Le risque avec la nostalgie cependant c’est que, porté par son élan, on se fourvoie dans des visions idéalisées, qu’on n’en sorte plus et qu’on livre au final quelque chose de fade, sans intérêt autre que le goût de la madeleine de Proust et qu’on en soit finalement rendus au même stade qu’avant. Sauf qu’ici, l’espoir est permis. Comme je le disais, Tributes Games avait déjà fait ses armes en matière de beat ’em up avec Scott Pilgrim Vs. The World (reconnu comme un excellent représentant du genre, quoiqu’un peu ardu) mais aussi avec le TMNT sur Game Boy Advance (pas le plus dégueu de la série, donc). De l’autre côté, Dotemu a su entretemps faire ses preuves en tant qu’éditeur de beat ’em up avec la sortie couronnée de succès de Streets of Rage 4, développé pour son compte par Lizardcube (qui était déjà derrière WonderBoy). Relance moderne de la saga des années 1990, qui fut l’une des meilleures représentantes du genre comme je l’évoquais plus haut, Streets of Rage 4 jouissait d’une finition impeccable ressurgissant de chaque aspect de gameplay et de game design, offrant aux amateurs et amatrices un excellent jeu. Si Dotemu n’a été « que » l’éditeur de ce succès de l’année 2020, il ne fait cependant pas l’ombre d’un doute que cette expérience aura été l’occasion pour ses équipes de glaner un certain nombre d’acquis et d’heureux réflexes idéaux pour concevoir ensuite un autre titre du genre, en particulier avec une équipe de développement qui a déjà mis les mains dans le cambouis.
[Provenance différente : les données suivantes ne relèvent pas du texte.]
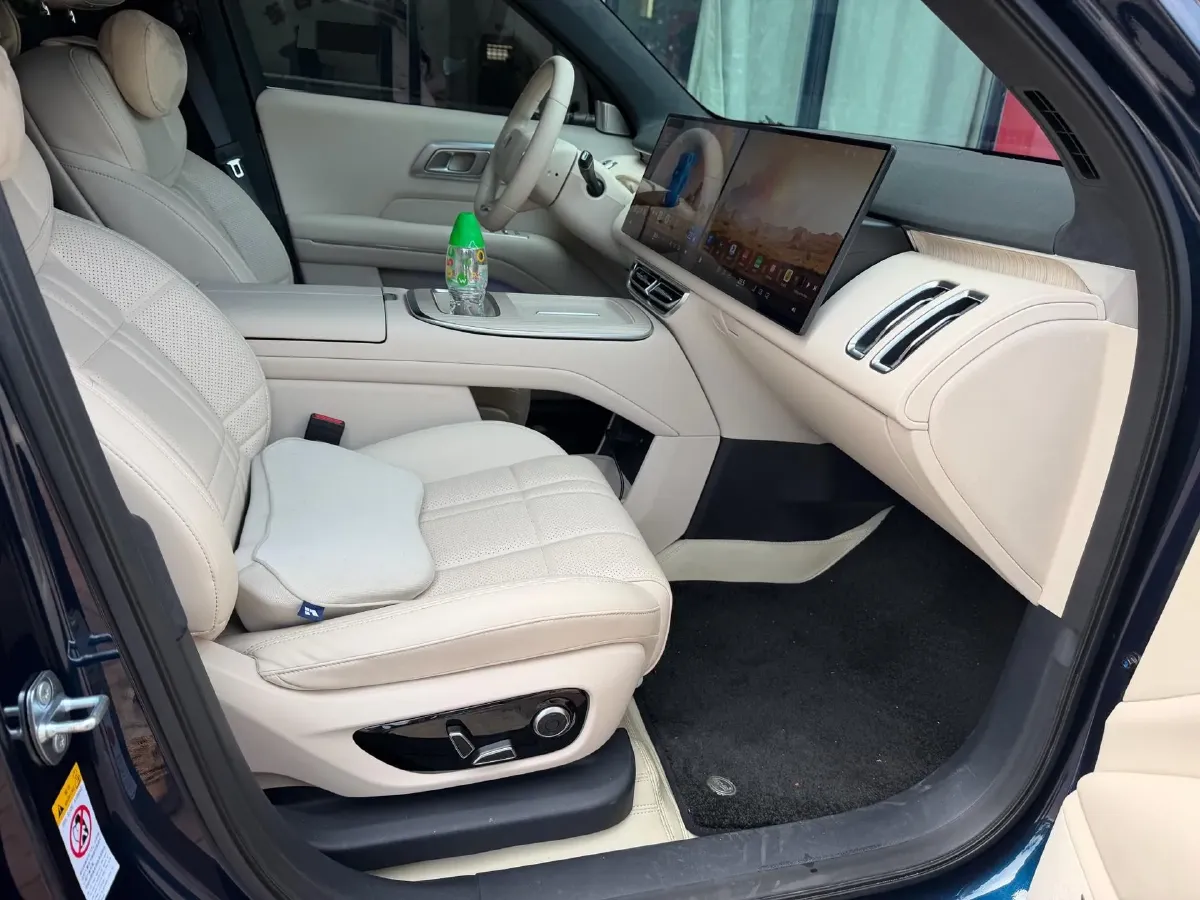 2025 Deepal S09 REEV 150HP REEV,autocango,china used car exporter,china ev exporter,chinese used car exporter,chinese used ev exporter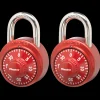 Combination Lock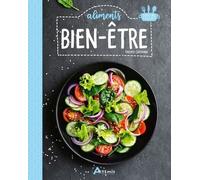Philippe Chavanne – Aliments bien-être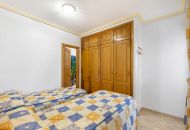 Venta - Apartamentos - Torrevieja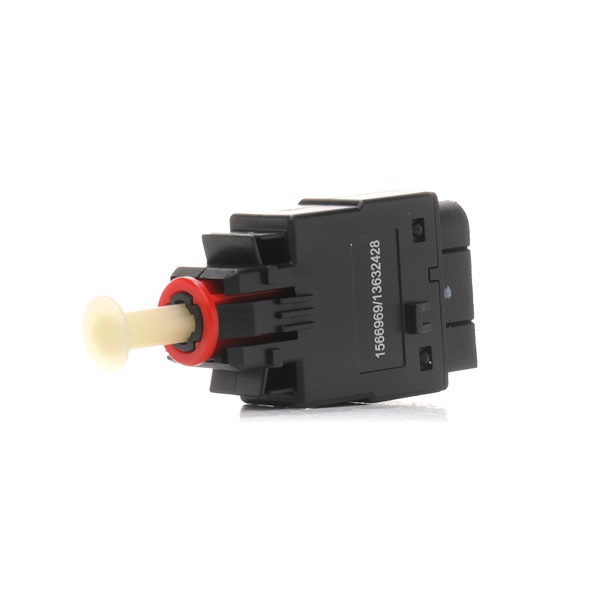 OEM AMR2010 RIDEX Jarruvalokatkaisin 806B0010 varten BMW, LAND ROVER, ROVER
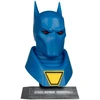 McFarlane Toys DC Comics Knightfall Azrael Batman bust 18cm
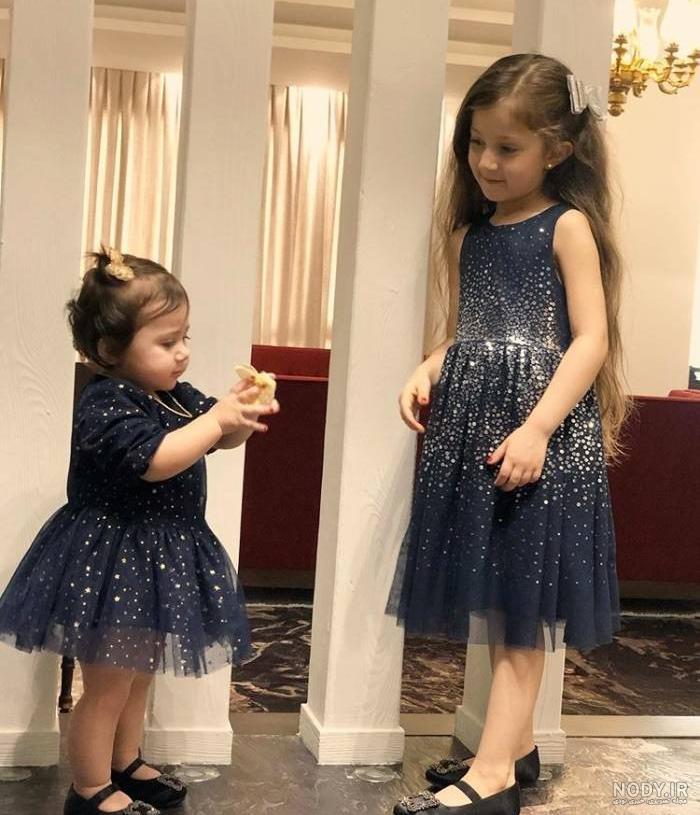عکسهای شاهرخ استخری و دخترش پناه عکسهای شاهرخ استخری و دخترش پناه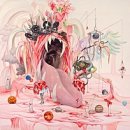 비디오피아 이미지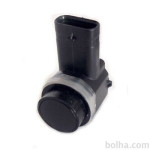 Parkirni senzor Ford Galaxy, Mondeo, S-Max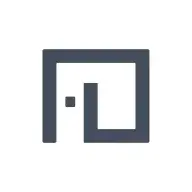 Elephant in a Box Promo Code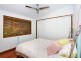 50 Martinelli Ave, Banora Point NSW 2486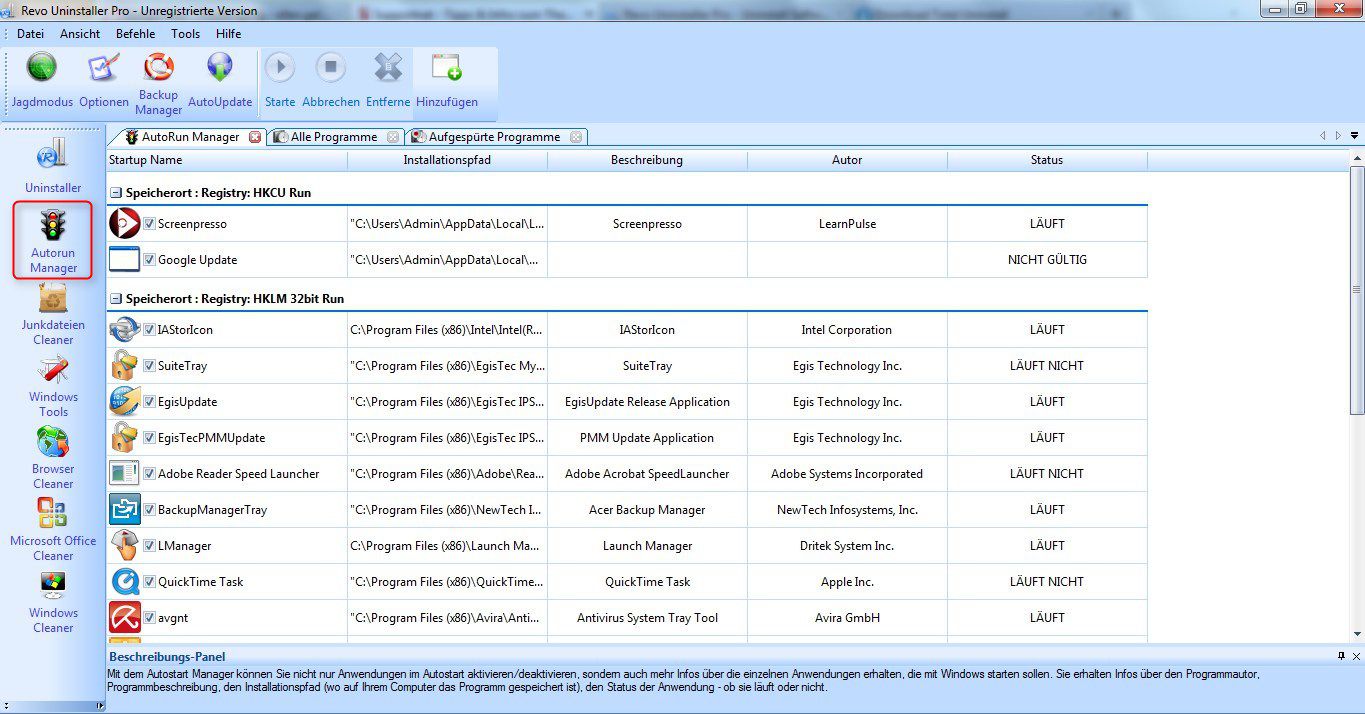 10_Windows7_Alles_rausholen_Turbo-470.jpg?nocache=1308635943874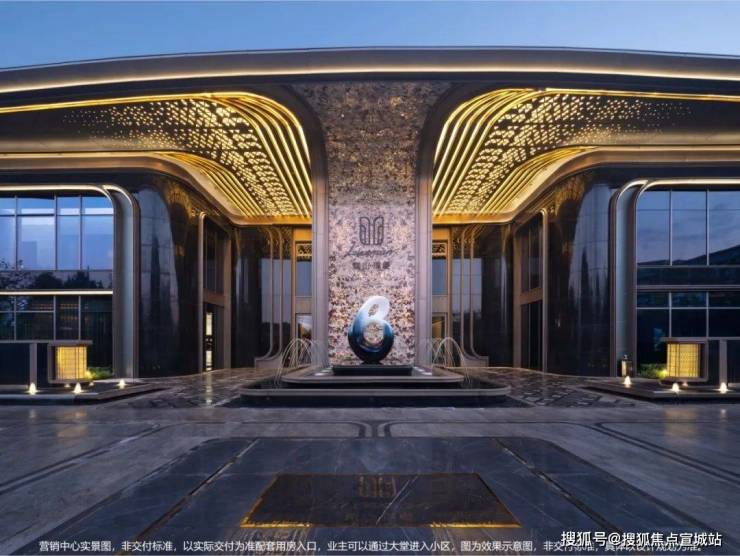 南山璞缦(2025年南山璞缦)嘉定首页网站-楼盘详情-户型配套(图1)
Aussi, n’y allons pas par quatre chemins : Shredder’s Revenge est un très bon jeu. Tout du moins vais-je quand même préciser quelque chose dès maintenant. Si le jeu m’a paru d’excellente facture, donnant à jouer un beat ’em up sans tare, je reste assez conscient que le titre ne remplira peut-être pas les attentes des plus féru(e)s du genre. Accessible car assez simple en soi, je ne sais pas si le degré de challenge offert par Shredder’s Revenge sera suffisant pour combler les plus hautes attentes. Toutefois, n’ayant pas moi-même essayé le mode Difficile, je me garderai bien de tirer la moindre conclusion définitive à ce sujet. Il n’en demeure pas moins qu’en mode Normal, le jeu se révèle assez facile d’accès. Une aubaine pour quelqu’un comme moi qui, peu habitué au genre, peux vite me retrouver en difficulté sur un jeu de ce type un tant soit peu exigeant (j’ai par exemple pas mal galéré sur Streets of Rage 4 notamment, ce qui n’ôte bien entendu rien de rien à ses immenses qualités). Ce qui s’impose ici du reste, c’est une banale question de public-cible. Là où le jeu de Lizardcube s’adressait pour l’essentiel à des joueurs et joueuses chevronné(e)s et bien déterminé(e)s à en découdre comme au bon vieux temps, ce TMNT cherche sans aucun doute plus à se faufiler dans la musette d’un public plus large, comprenant non seulement les habitué(e)s mais aussi une frange plus diverse et pas forcément habituée aux patates de forains que les beat ’em up nous permettent d’asséner mais aussi de prendre dans la figure en même temps qu’un joli chassé dans les tibias. Si l’on recommandera toujours avec grand plaisir Shredder’s Revenge, peut-être n’est-ce pas vers lui qu’on renverra quelqu’un qui cherche un véritable défi sans avoir d’affect particulier pour les tortues.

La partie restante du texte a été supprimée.